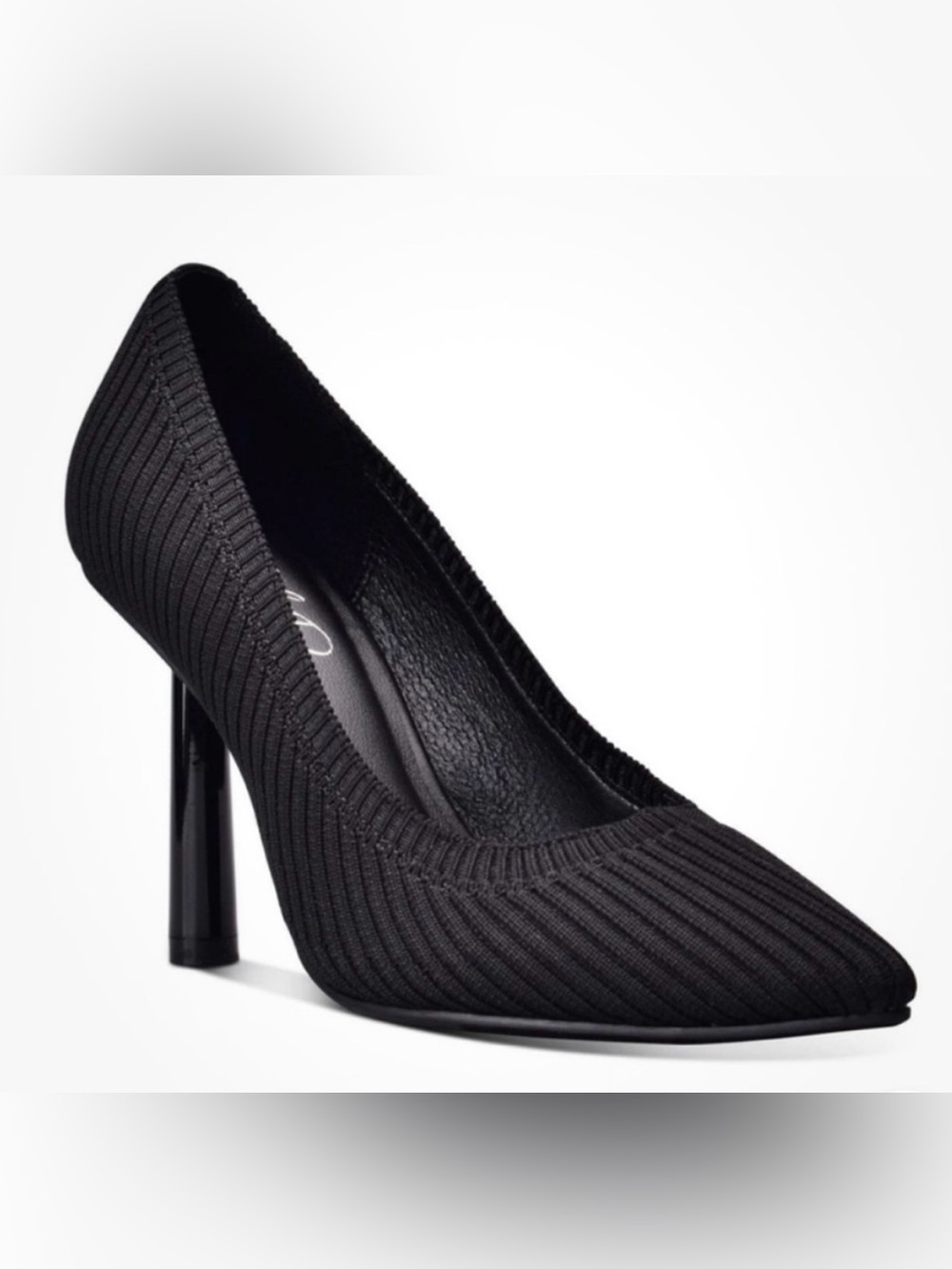 Wild Pair NEW Black Ribbed Daliaa Almond Toe Stiletto Heel Slip On Womens 10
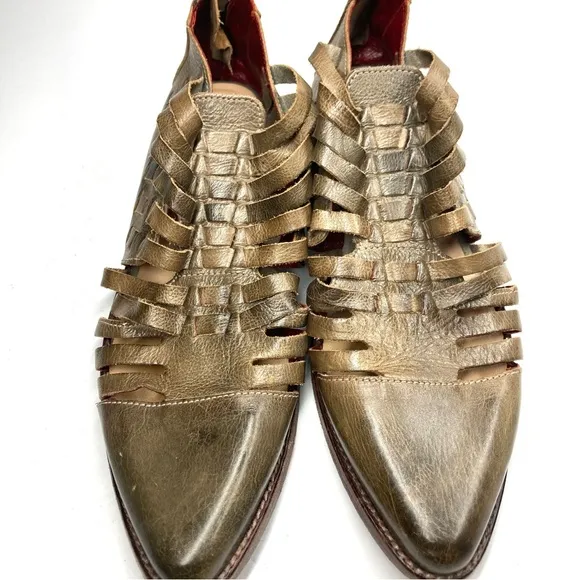 Bed Stu Las Cruces Flat Shoes Women's Brown Leather 11 Pull On Strap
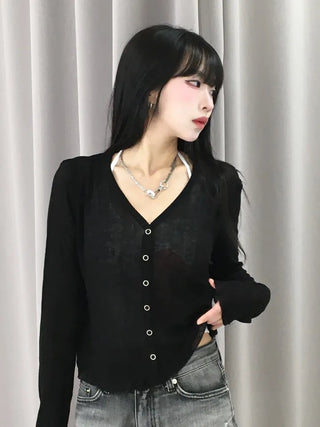Basic Summer V-Neck Long Sleeve Cardigan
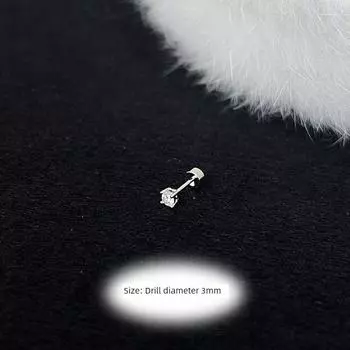 Розовые повседневные мини-компактные супер-блестящие циркониевые серьги-пусеты из титановой стали, деликатные серьги-подвески, гвоздик для кости, не нужно снимать, уход за ушами, шпилька для кости уха 3mm zircon white earring single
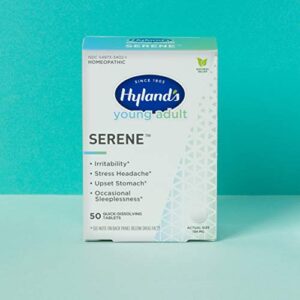 Hyland's Stress and Tension Headache Relief Hyland’s Young Adult Serene Relief Feelings Anxiety Quick Dissolving Tablets, 50 Count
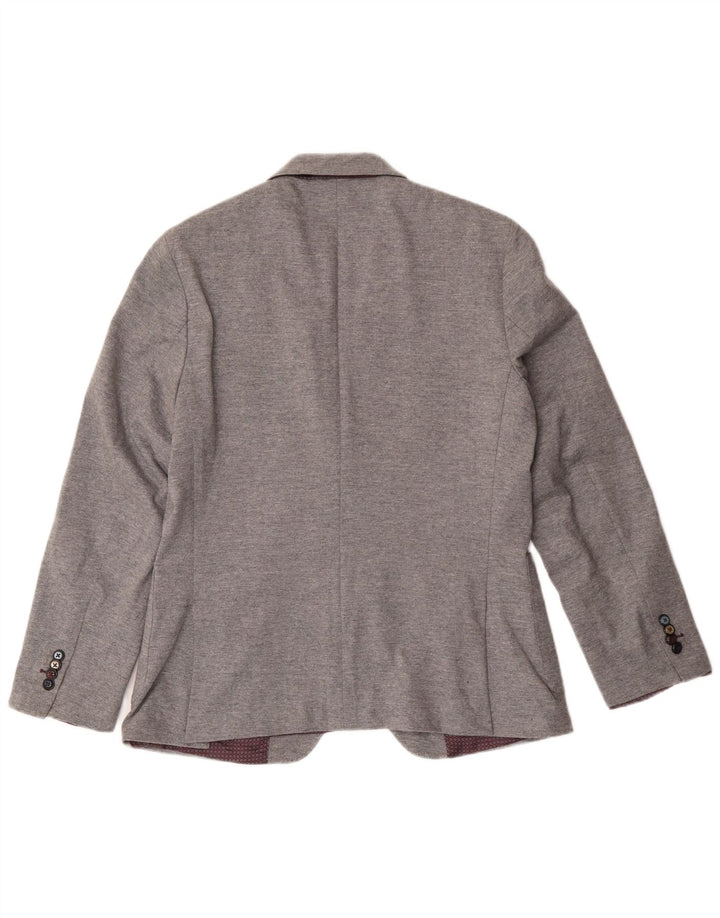 Jaqueta blazer feminina de 2 botões John Barritt IT 50 XL algodão cinza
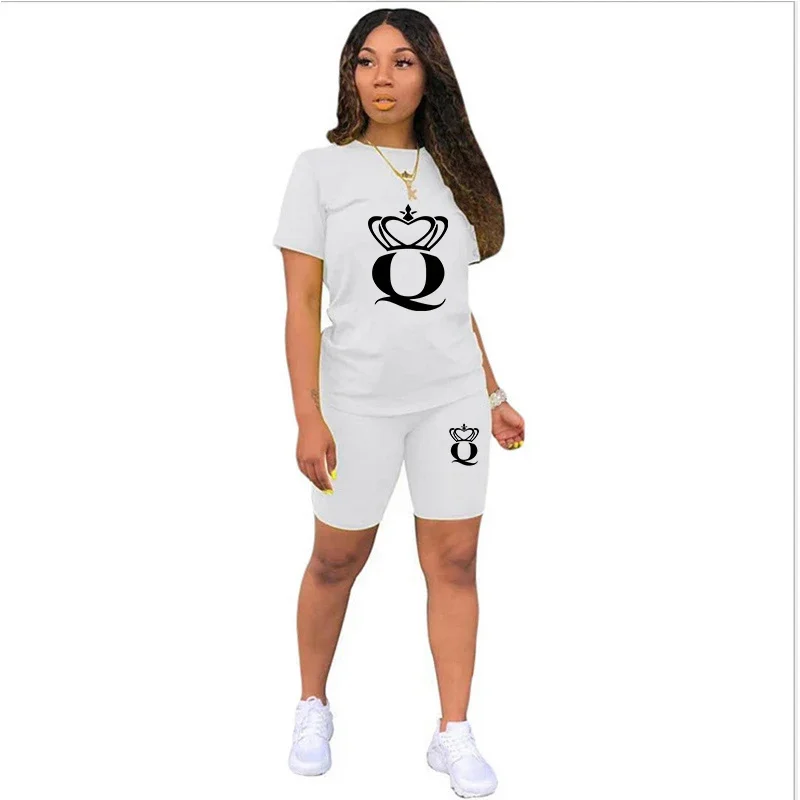 2026 Summer Hot Sale Women's Shorts Tracksuit Queen Printed Sportswear Fashion Sexy Streetwear Outdoor Casual Sports Outfits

▶ WHAT YOU WILL DO: Print exactly the line containing "Jaqueta blazer feminina" and every line after it through the final line above, and leave all pictures out.

▶ ANSWER SECTION:
 Jaqueta blazer feminina de 2 botões John Barritt IT 50 XL algodão cinza
 2026 Summer Hot Sale Women's Shorts Tracksuit Queen Printed Sportswear Fashion Sexy Streetwear Outdoor Casual Sports Outfits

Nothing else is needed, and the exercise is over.